ComFest is the coolest three days of the year in Columbus.

And I would really appreciate it if you don’t go.

The Community Festival was founded in 1972 as a tiny music festival, which then was shunned for years by the mainstream press—hippies weren’t exactly the Dispatch’s target readership back then—and suburbanites who probably thought the name made it sound like some sort of Commie love-in. (To be fair, that thought wasn’t all that far from the truth.)

But in the last few years particularly, the party with a purpose has swelled to attract an estimated 70,000 people, including soccer moms, their kids and hordes of other folk who have realized that free outdoor music is pretty freaking awesome.

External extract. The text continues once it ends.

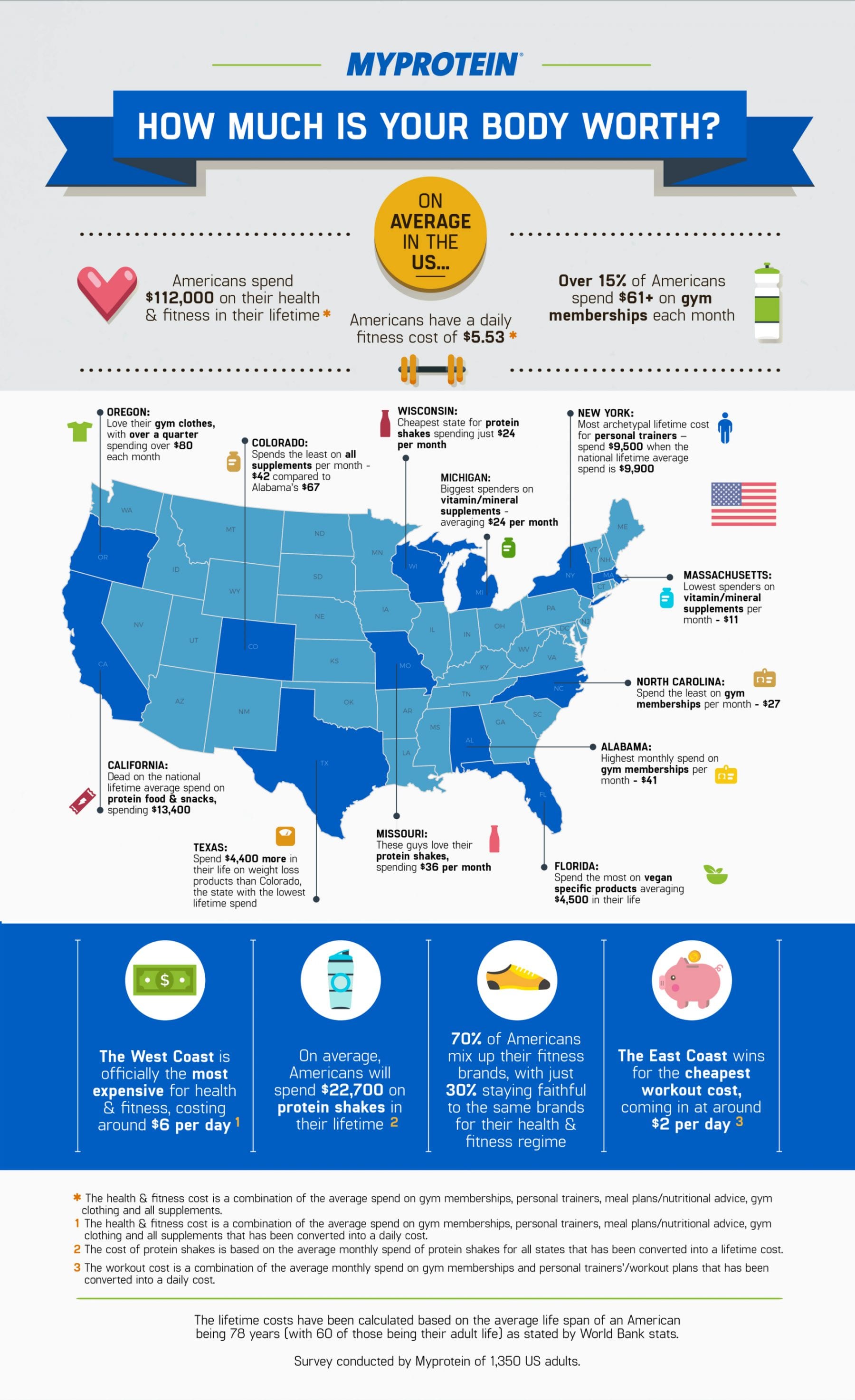 US health anf fitness spending infographic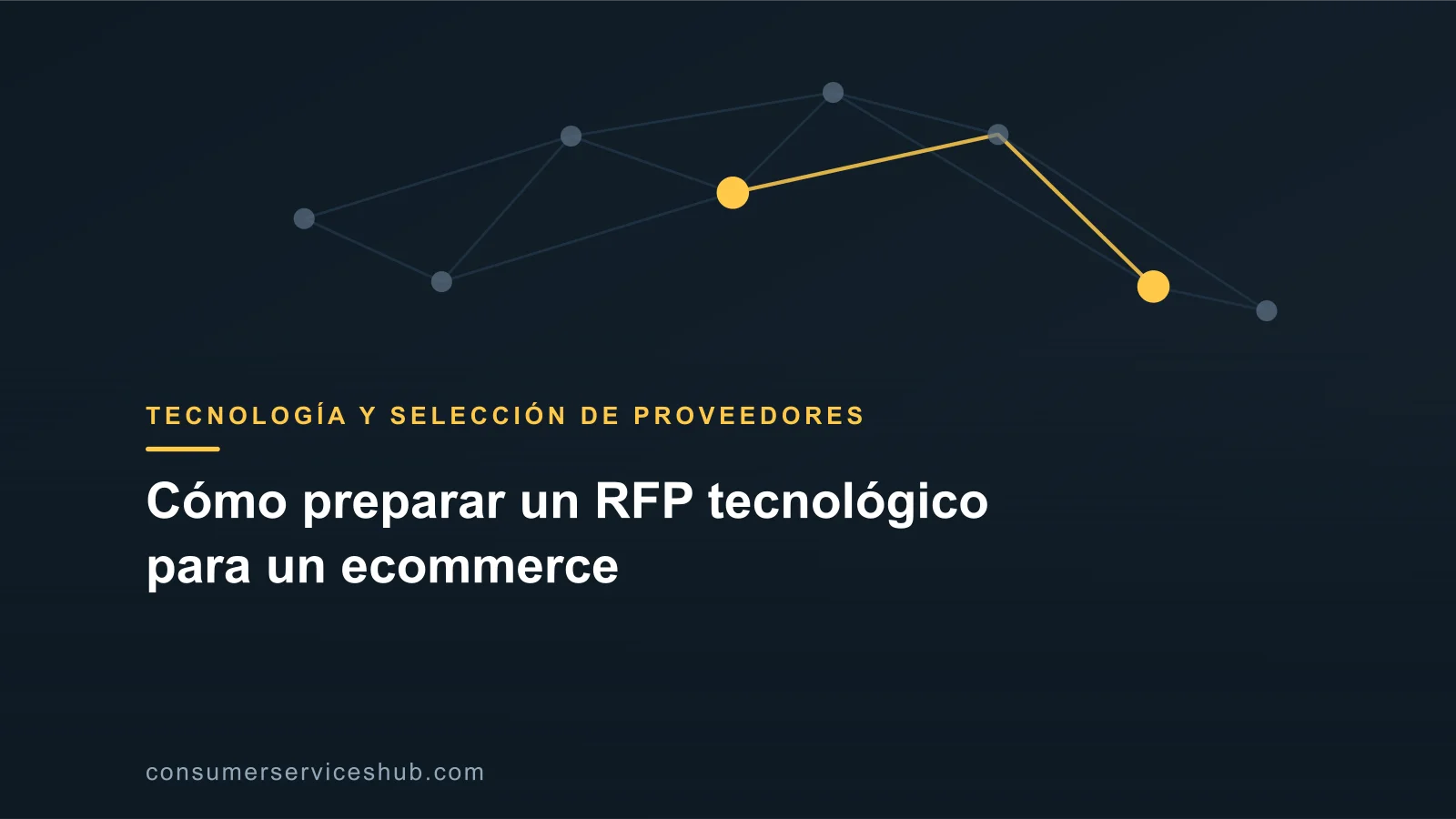 Portada: Cómo preparar un RFP tecnológico para un ecommerce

Unfortunately, this increased appeal is threatening to ruin the festival as some attendees fail to understand the intended low-key vibe and appear to come just to get wasted. So please, if you’re thinking of trying out ComFest June 25, 26 and 27—don’t. (See “The trouble with ComFest” on page 58.)

The police presence to supervise the growing crowds already has changed the tenor of the gathering. While any sensible person can understand the need for police at a free event that welcomes all comers, irresponsible concertgoers threaten to force police to alter their customary hands-off approach to the party. In the past, as long as you didn’t punch, puke or puff directly in front of officers, they were content to let the fest party on.

Last year, it seemed as if police were paying more attention, which, like, totally harshed the ComFest buzz.

Full disclosure: While volunteering at a beer tent, I was pulled aside, physically, by a volunteer after an officer thought she saw me stealing beer tokens. I immediately turned over the tokens I’d absent-mindedly put in my pocket instead of the bin in the mad rush of volunteering to serve hundreds of drinkers. I had no intention of keeping them; they were for Labatt and I hate lagers. But there’s no way the watchful officer could have known that. Still, the experience left a rotten taste in my mouth—worse than the taste of Labatt—and my seven-year volunteer streak will end this year.

Patrolling the volunteers who make the festival possible seems like a misuse and mean-spirited waste of resources. But I understand that hawk-eyed officers are an unfortunate byproduct of attendees who, simply, don’t know how not to be drunken idiots in public.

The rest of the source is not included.